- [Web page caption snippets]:
⟨
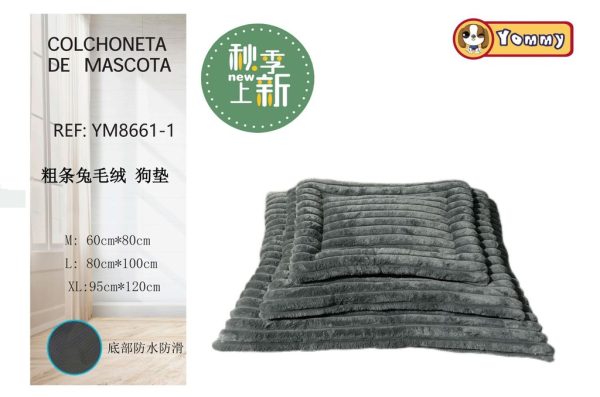 Colchoneta de perro de pelaje de conejo gris 3 piezas - Decoraciones para la comodidad de mascotas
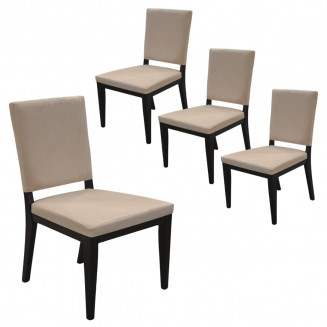 MANTA - Lot de 4 Chaises Suédine Taupe et Bois Gris Anthracite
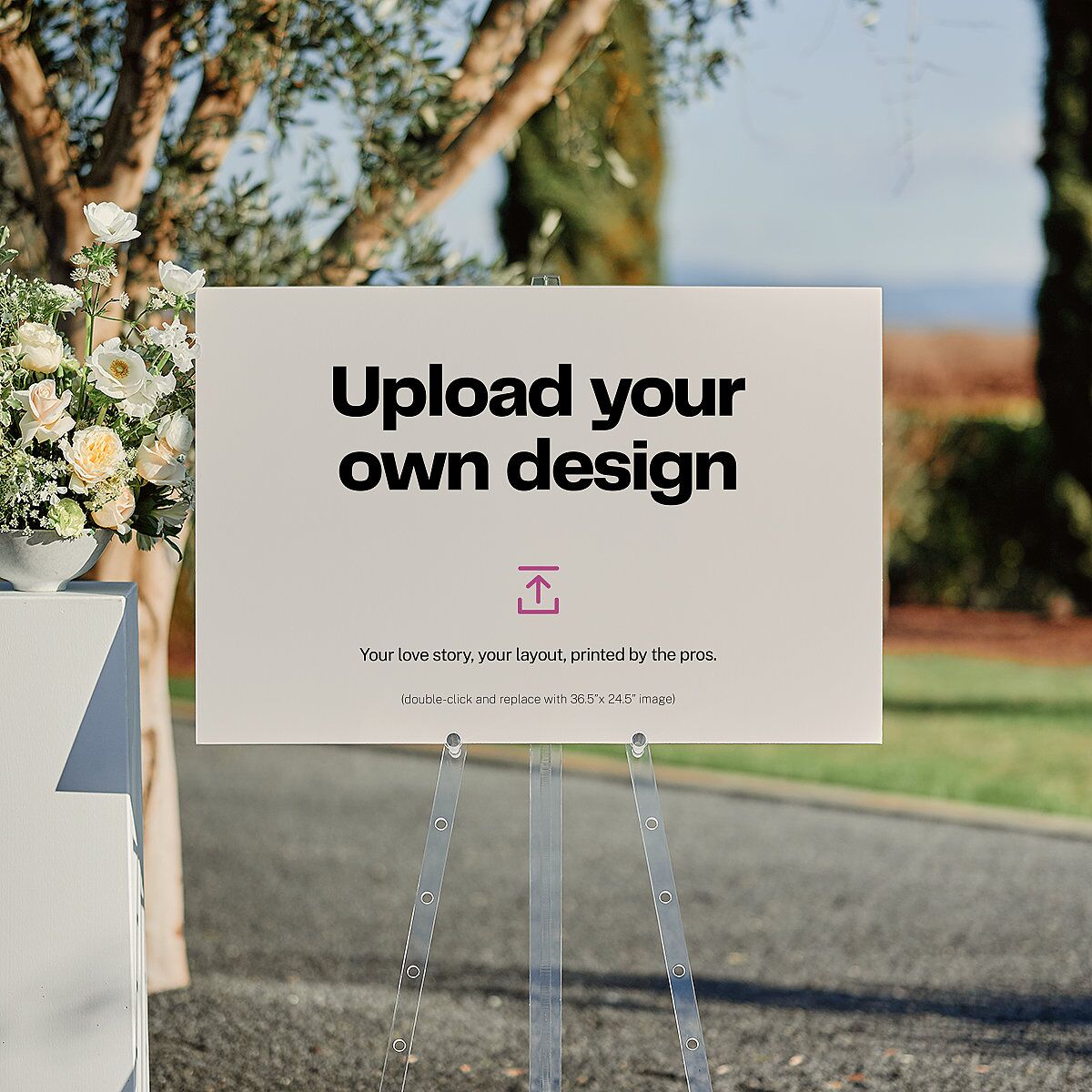 Upload Your Own Design Landscape 24"x36" Seating Chart Pure White Standard Indoor Foam Core L Seating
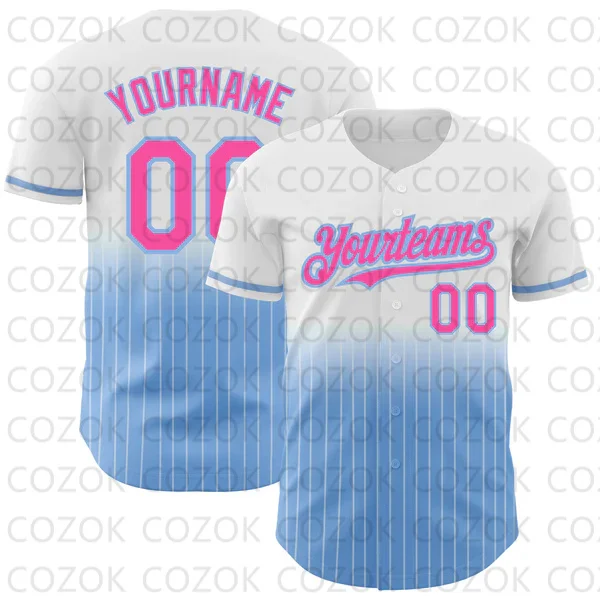 Custom Wit Blue Stripe Stitch Serie Honkbal Jersey Mannen Vrouwen Shirt 3d Bedrukt Shirt Team Shirts Hiphop Unisex Tops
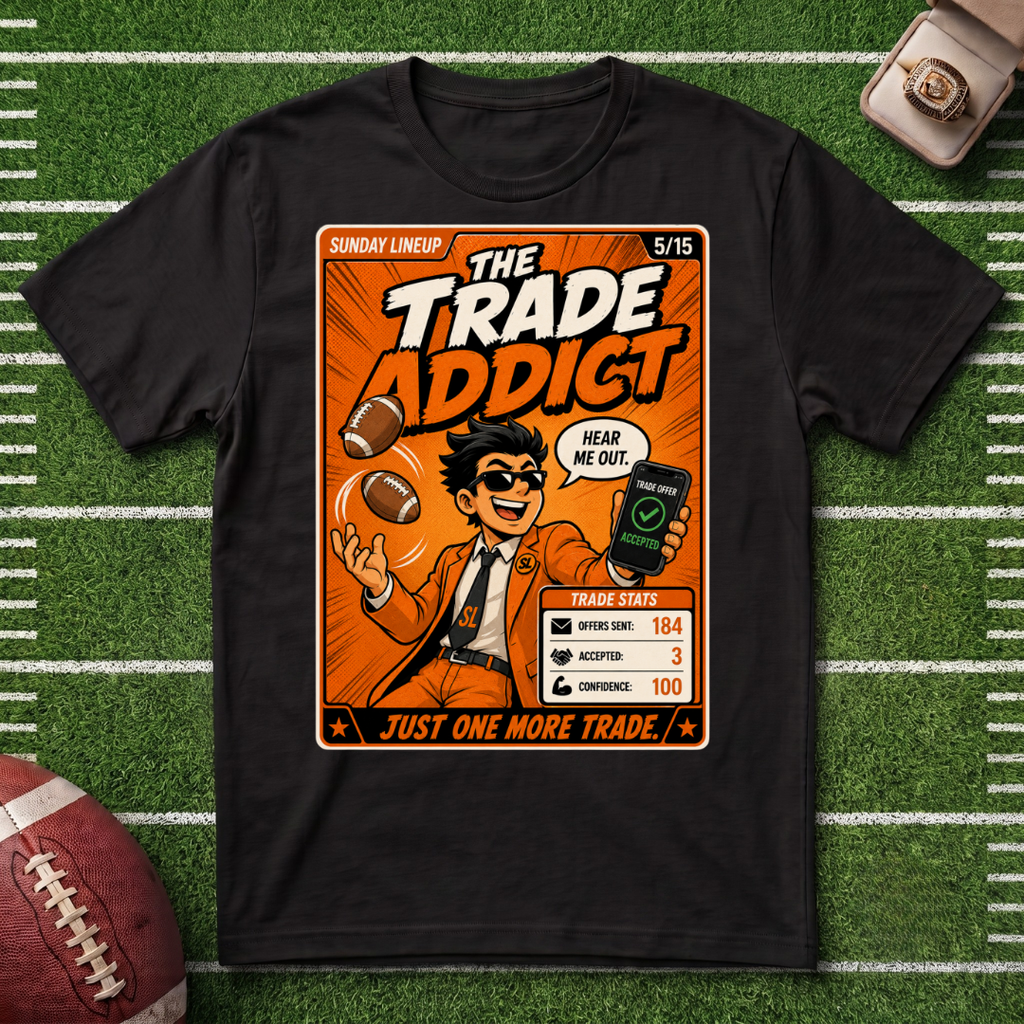 The Trade Addict T-Shirt — Vintage Fantasy Football Trading Comic Tee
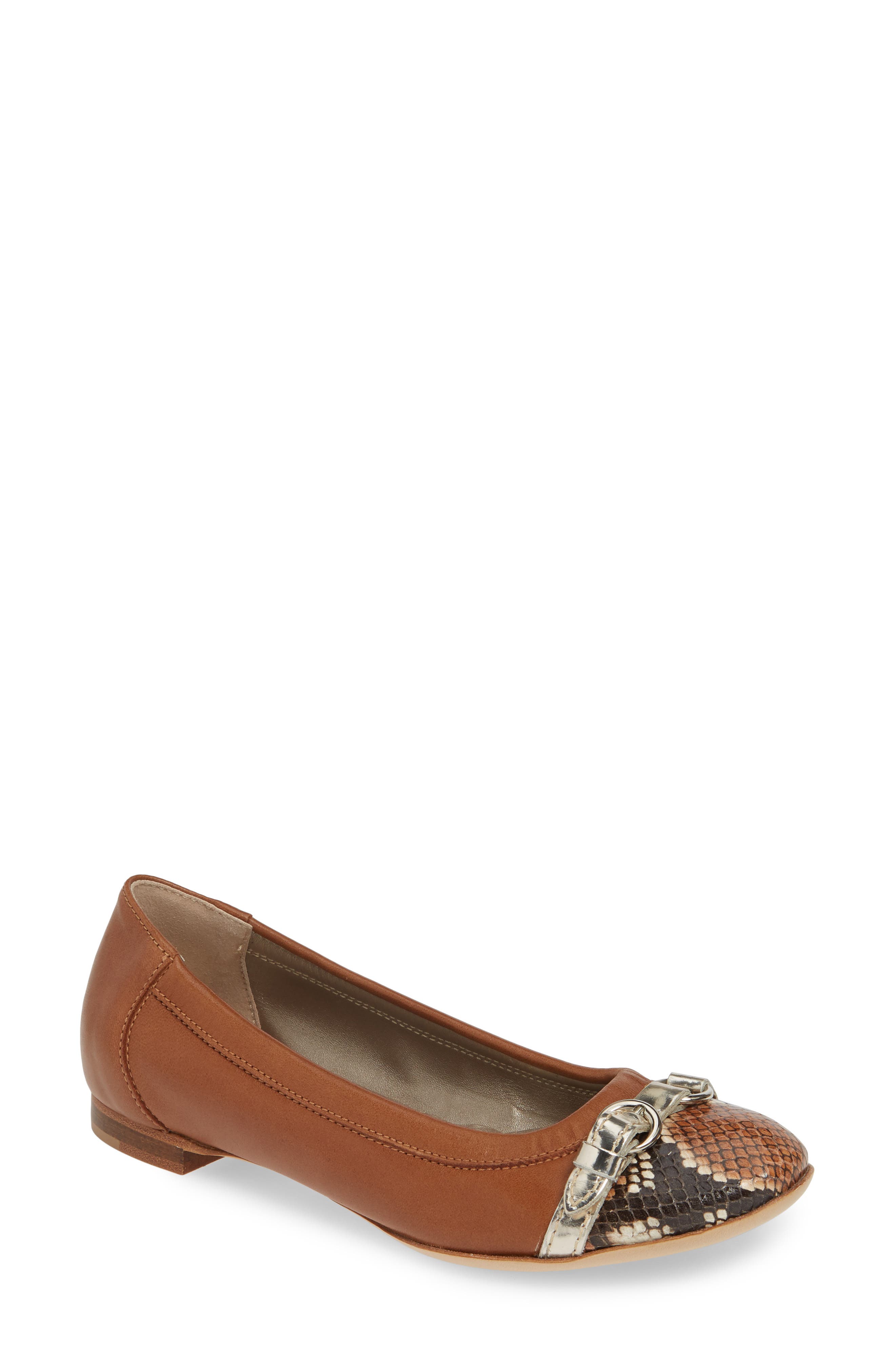 Agl Cap Toe Ballet Flat, Brown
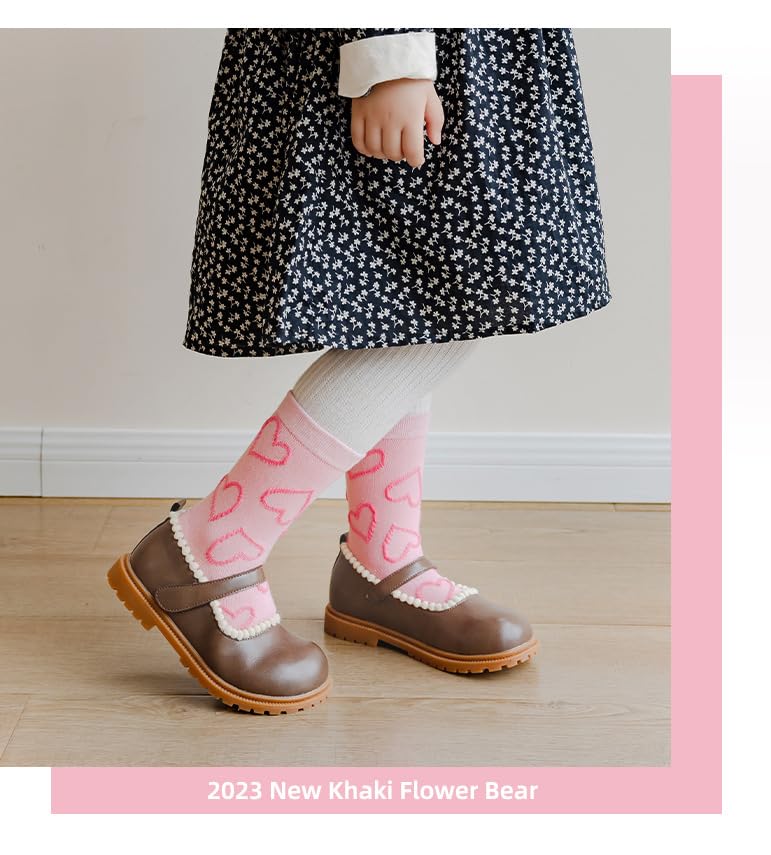 Toptim Kids Girls' Crew Socks Cute Casual Dress Cotton Socks 3-12 Years4
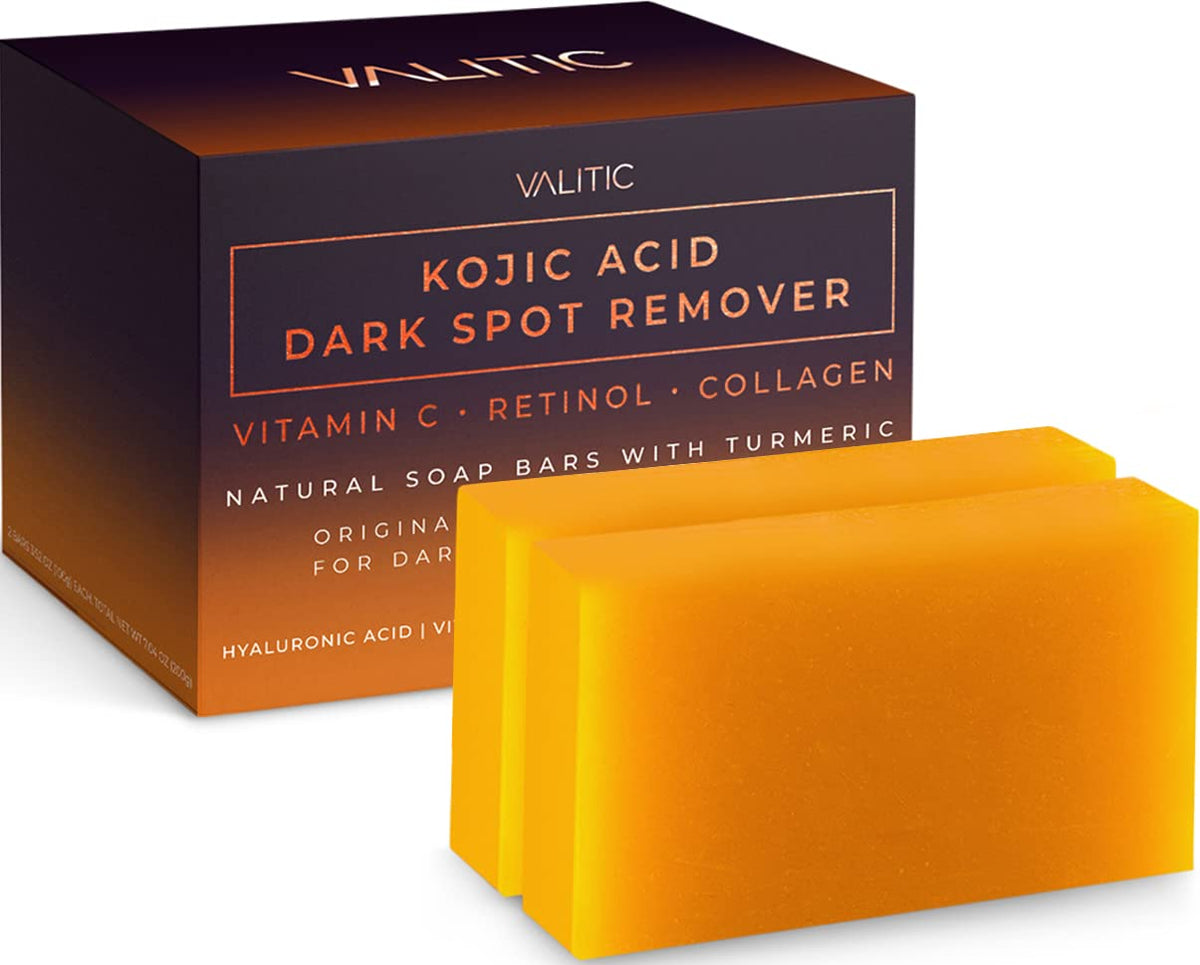 Sabonete Clareador de Manchas Escuras com Ácido Kójico, Vitamina C, Retinol, Colágeno, Cúrcuma – Complexo Japonês Original Infundido com Ácido Hialurônico, Vitamina E, Manteiga de Karité – 100g - VALITIC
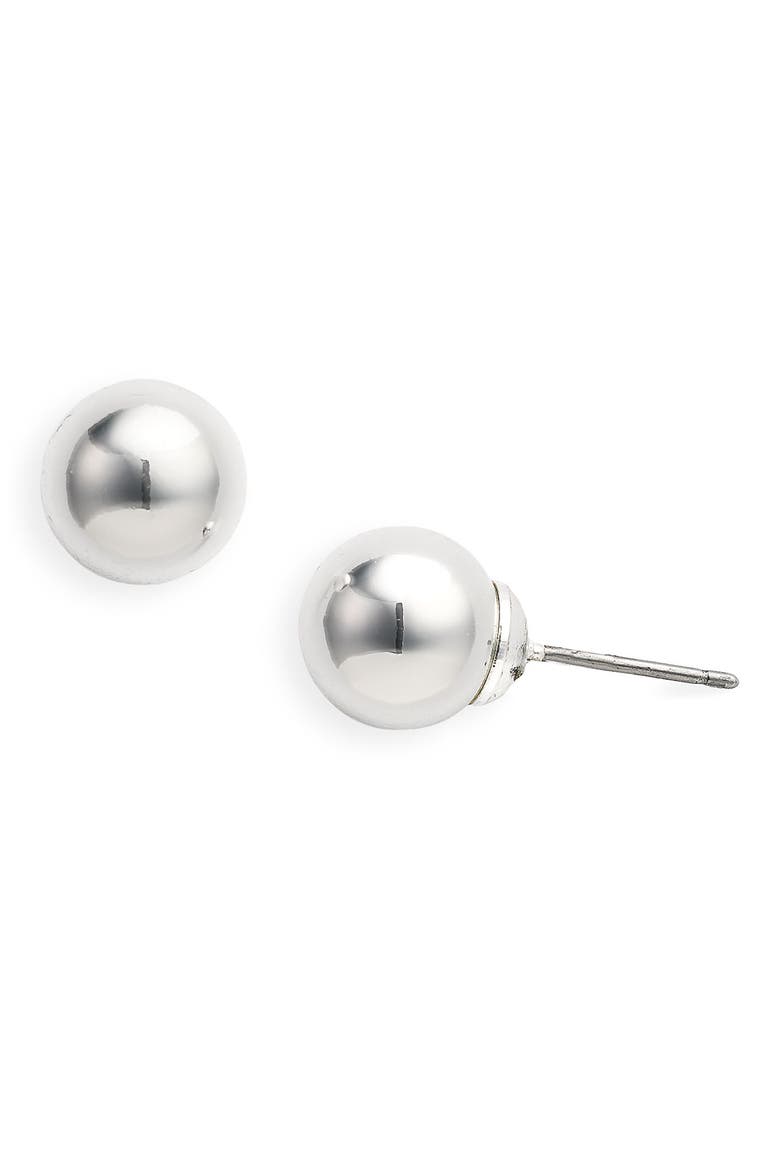 Ball Stud Earrings, Main, color, SILVER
⟩
- [ACTIVITY]: Exactly what appears in the records above must be returned, apart from the pictures.

- [RESULT OF THIS EXERCISE]:
 Colchoneta de perro de pelaje de conejo gris 3 piezas - Decoraciones para la comodidad de mascotas
 MANTA - Lot de 4 Chaises Suédine Taupe et Bois Gris Anthracite
 Upload Your Own Design Landscape 24"x36" Seating Chart Pure White Standard Indoor Foam Core L Seating
 Custom Wit Blue Stripe Stitch Serie Honkbal Jersey Mannen Vrouwen Shirt 3d Bedrukt Shirt Team Shirts Hiphop Unisex Tops
 The Trade Addict T-Shirt — Vintage Fantasy Football Trading Comic Tee
 Agl Cap Toe Ballet Flat, Brown
 Toptim Kids Girls' Crew Socks Cute Casual Dress Cotton Socks 3-12 Years4
 Sabonete Clareador de Manchas Escuras com Ácido Kójico, Vitamina C, Retinol, Colágeno, Cúrcuma – Complexo Japonês Original Infundido com Ácido Hialurônico, Vitamina E, Manteiga de Karité – 100g - VALITIC
 Ball Stud Earrings, Main, color, SILVER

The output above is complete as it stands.